/AI/ History of Attention and Transformer

目录

This post summarizes the historical milestones and evolution of the Attention and Transformer, which is one of the most important state-of-the-art machine learning models. It’s also a review material of the Deep Learning for Data Science lecture given by the professor Ziwei Liu.

Recurrent Neural Networks

The story of Transformer model begins with RNNs. In sequence-to-sequence learning, RNNs consist of an encoder and a decoder. In the encoder, the current hidden stat h_t is calculated from the previous hidden state h_t-1 and the current input x_t. After the encoder, two parameters are obtained to encapsulate the knowledge learned from the input sequence: an initial decoder state s_0 and a context vector c. In the decoder, each hidden state is calculated from the previous hidden state, the same context vector and the previous output token. Therefore, the calculation of output sequence is in series, depening on the previous output token.

The problem with this RNN architecture lies in the fixed-size context vector, which becomes the bottleneck for learning long sequences. One idea to solve this issue is to use a new context vector at each step of decoder.

Recurrent Neural Networks and Attention

Attention introduces multiple context vectors into the decoder (one vector c per step). Each context vector attends to the relevent part in the input sequence. The context vector is computed as linear combination of hidden states with attention weights. The attion weights are obtained by the alignment (i.e., similarity) between the decoder state and each encoder hidden state through a softmax function.

Use a different context vector in each timestep of decoder

  • Input sequence not bottlenecked through single vector
  • At each timestep of decoder, context vector “looks at” different parts of the input sequence

The decoder doesn’t use the fact that h_i form an ordered sequence – it just treats them as an unordered set {h_i}.

Image Captioning with RNNs and Attention

The input sequence and aligment score are 1-D vectors in the sequence-to-sequence learning. They can be also in 2-D like the case of image captioning. A pre-trained image encoder is used to extract feature matrix from the image. Each output word has a context vector attending to all values in the feature matrix.

Attention Layer

In the next milestone, researchers work on including the RNN and Attention architecture into a single layer, called Attention Layer.

  1. Query vector q is used as the same function of hidden state.
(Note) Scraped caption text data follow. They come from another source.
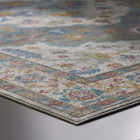 Modway - Success Médaillon vintage floral vieilli Anisah Tapis de comédie 8 pi l x 10 pi L - Gris ivoire Jaune Orange-Dessous en caoutchouc de prise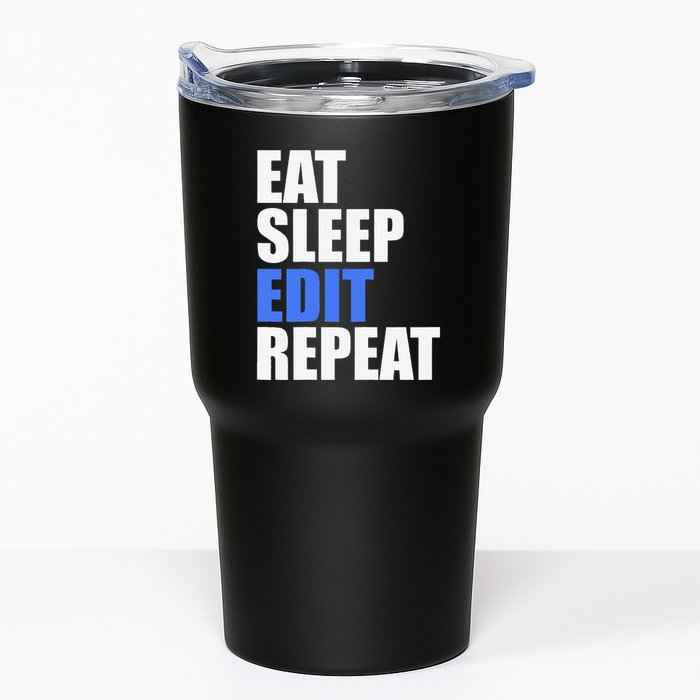 Eat Sleep Edit Repeat Editor Writer Journalist Reporter Tumbler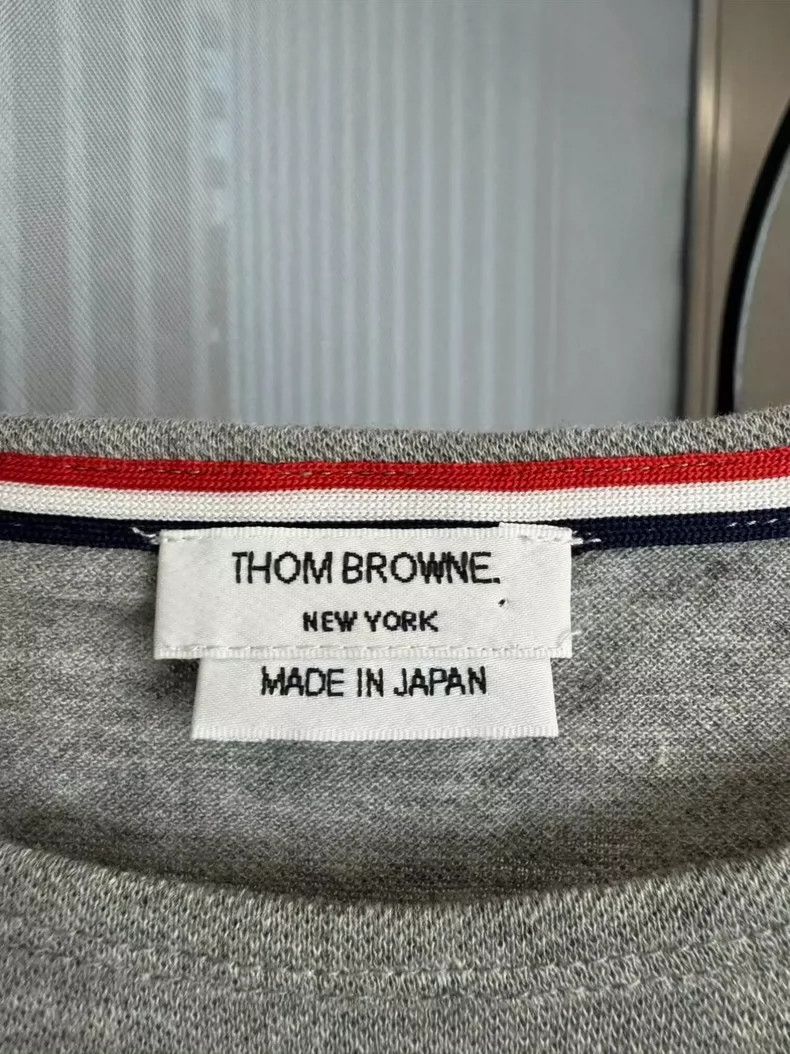 Thom Browne Thom browne Gray pocket stripe short sleeves 2504-Nextarrow Size US L / EU 52-54 / 3 - 4 Thumbnail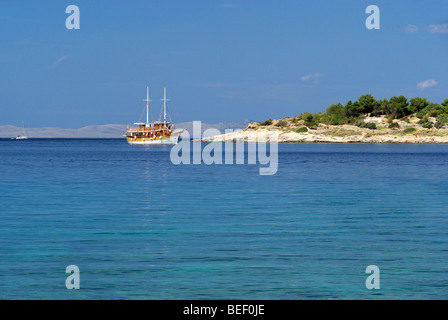 Murter Insel Vor der Insel - Murter Insel vor der Insel 22 Stockfoto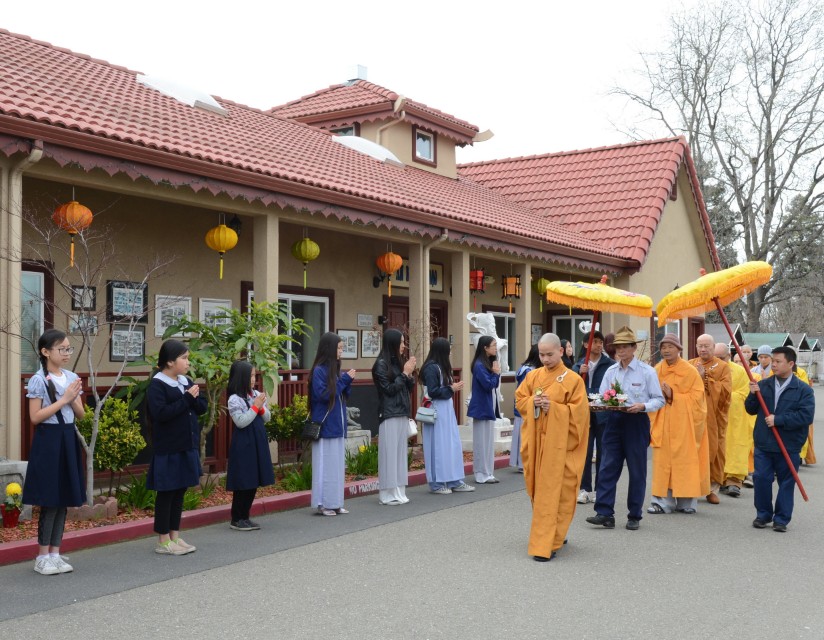Chùa Phổ Từ, Hayward (Hoa Kỳ) Tổ Chức Lễ Cầu An  Ngày Rằm Tháng Giêng Năm Kỷ Hợi (2019)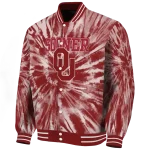 oklahoma sooners dynamic rings crimson varsity jacket best selling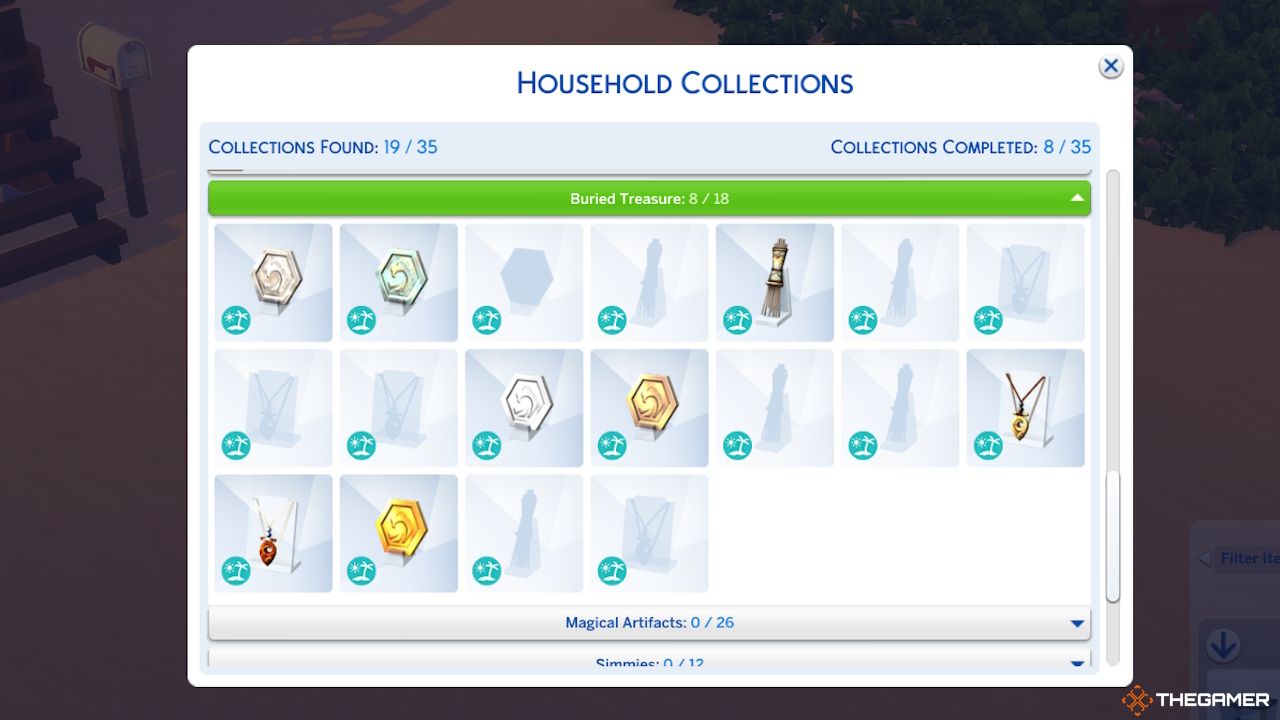 The Buried Treasure collection in Household Collections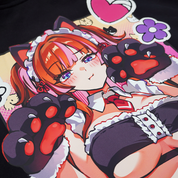 Nyan Service: Cat Ear Zip Hoodie - Gamer Supps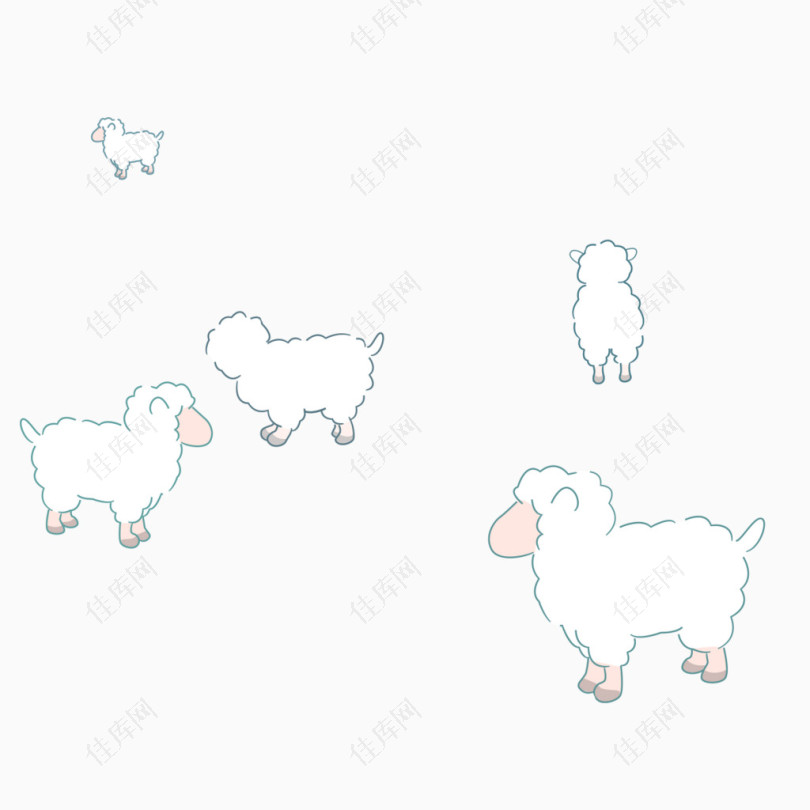 小绵羊图案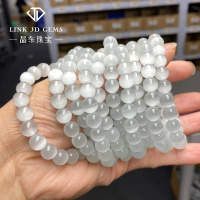 Vòng Tay Đá Chữa Lành, Đá Opal Trắng, Tự Nhiên, Thời Trang Thanh Lịch Mùa Hè Cho Bé Gái, Vòng Tay Hạ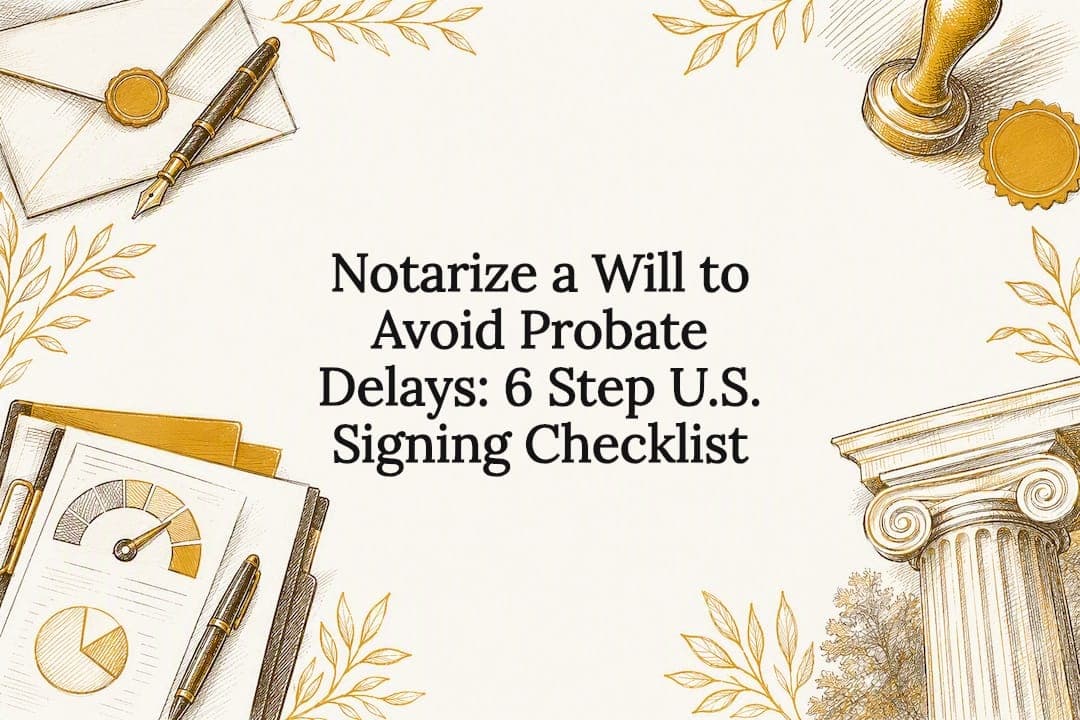 Notarize a Will to Avoid Probate Delays: 6 Step U.S. Signing Checklist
Similarity score is measured between q and input X.
  2. Dot-product is used for the similarity function to replace MLP.
  3. Dot-product is scaled down by query dimension because large similarities will cause softmax to saturate and give vanishing gradients.
  4. Stack the query vectors of all steps together into a query matrix Q.
  5. Increase the model complexity by adding key matrix and value matrix. Now the similarity is measured between query matrix Q and key matrix K. The output is obtained from the attention weights and the value matrix V, not directly from the input X.

The final attention layer is formed as below.

Self-Attention Layer

The above cases deal with inputs with multi-modality (i.e., image and language sentence). Inputs Q (e.g., language) and X (e.g., image) are from different data sets. In the case where there is only one modal input, Q can be computed from X, which is called Self-Attention. As Q and K vectors are from the same input X, the attention is paid by a part of the input to another part of the input.

A key feature of Self-Attention is the Permutation Equivariant, which means when the order of inputs is changed, the outputs will be the same but permuted accordingly. Notably, it’s different from the Invariant, which refers to the characteristic that outputs don’t change along with the change of inputs.

Because Self-Attention doesn’t “know” the order of the vectors it is processing, a positional encoding E is concatenated with the input X. E can be a learned lookup table, or a fixed function.

Masked Self-Attention Layer

The mask is introduced into Self-Attention Layer to prevent vectors from “looking ahead” in the sequence. At each step, Q can only attend to K in the current and previous steps. Attention weight is set 0 between the former V and the latter V, for example, A_(1,2) is set to 0 and A_(2,1) is not.

To learn different attention patterns at the same time, we can have multiple “Attention Heads” in parallel for query Q. Q dimension can be further spilt into independent parts (i.e., Heads H).

CNN with Self-Attention

Self-Attention architecture can be integrated into CNN. Instead of matrix multiplication, Query, Key and Value can be computed by applying 1x1 convolution to the input features. 1x1 convolution is handy to be used for changing channel dimension. An example Self-Attention Module is listed below.

Transformer

A comparion of three ways of sequence processing is shown.

Finally, the Transformer block is constructed by Self-Attention, Residual Connection, Layer Normalization and MLP. Each input vector x has an independent MLP. Self-attention is the only interaction between vectors, which makes the transformer highly scalable and highly parallelizable.

A Transformer is a sequence of transformer blocks. Pretraining and fine-tuning become the mainstream paradigm of language task workflow. Companies are working on larger datasets and deeper layers.